Already Ottawa has sunk $11 million into airport upgrades in North Bay, Ont., although no decision has been made on whether to fly international delegations through the northern city.

The Town of Huntsville has taken on about $4 million in extra debt to ready itself for the summit, without having a clear idea how many people to expect. The debt forced the town council to cancel its plan for an “H8” to celebrate all the Huntsvilles in North America.

Ottawa has just closed bidding for a $6-million galvanized metal fence that will stretch about 15 kilometres around the summit site in Huntsville.

And a $50-million stimulus fund to beautify the area around the summit has already been fully committed to the Muskoka region.

Local mayors believe the money is well spent even if it’s only the G8 who show up, and not the G20.

The North Bay airport was in desperate need of repair, and the municipal government did not have the funding to pay for it, said North Bay mayor Victor Fedeli.

“We saw getting our runway paved as priority No. 1,” he said in an interview.

But while the plan to prepare the region for the G8 summit on June 25, 26 and 27 is well advanced, the plan for the parallel G20 summit is only in its infancy.

It has no firm date, no firm location and no list of who else, beyond the G20 members, will be invited.

Regardless, the G20 summit site will have to house thousands of support staff, diplomats, police and security officers.
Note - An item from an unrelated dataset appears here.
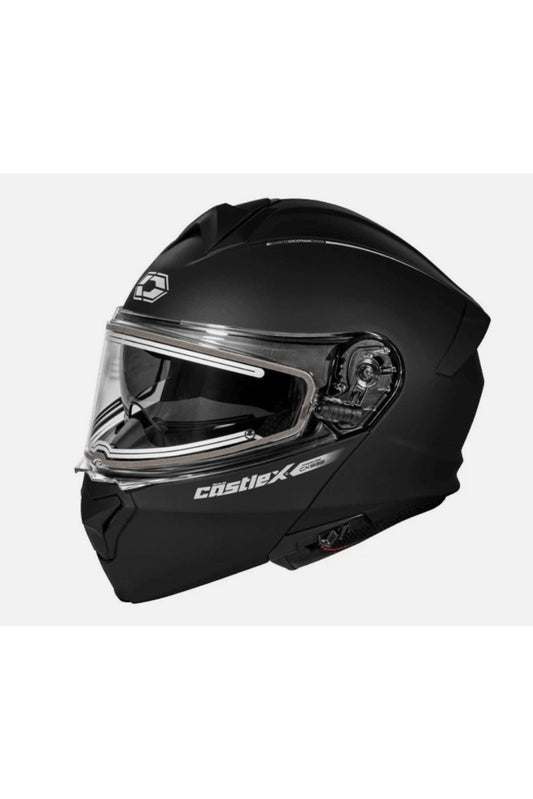 Castle X Black Modular Heated Snowmobile Helmet CX935 M L XL 2X 3X 4X 5X 36-2608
The media, also likely to number in the thousands, is expected to work out of the Congress Centre near Toronto’s international airport.

The G20 includes key emerging markets as well as all the rich countries that belong to the G8. It took on added importance during the financial crisis of the last two years, after shaky lending practices in rich countries undermined economic stability around the world.

Leaders decided in Pittsburgh in September that the larger group should become the main global decision-making body for economic issues.

But Canada was the next host of the G8, and feared its influence would be diluted by the larger group. It insisted on hosting both conferences in 2010, even though South Korea was the top candidate for the first official G20 summit.

A compromise was reached, and the first formal G20 summit will be held in Canada, and co-hosted by South Korea. South Korea will hold a followup summit in November.

But Ottawa wants to make sure the summits remain distinct, partly so that G8 can remain a vibrant force of its own. Holding the G20 summit far away from the G8 will boost its cause.

Hosting the G20 summit in downtown Toronto would also boost Finance Minister Jim Flaherty’s pitch to show off the city as a global financial centre that avoided the worst of the global crisis because of its strong banking practices.

“Toronto is so perfect for the G20 story,” said John Kirton, who heads the G20 Research Group at the University of Toronto.

While the summits are still seven months away, decisions need to made quickly. Canada is hosting all the 2010 meetings leading up to the summits, beginning with finance ministers meeting in balmy Iqaluit in February.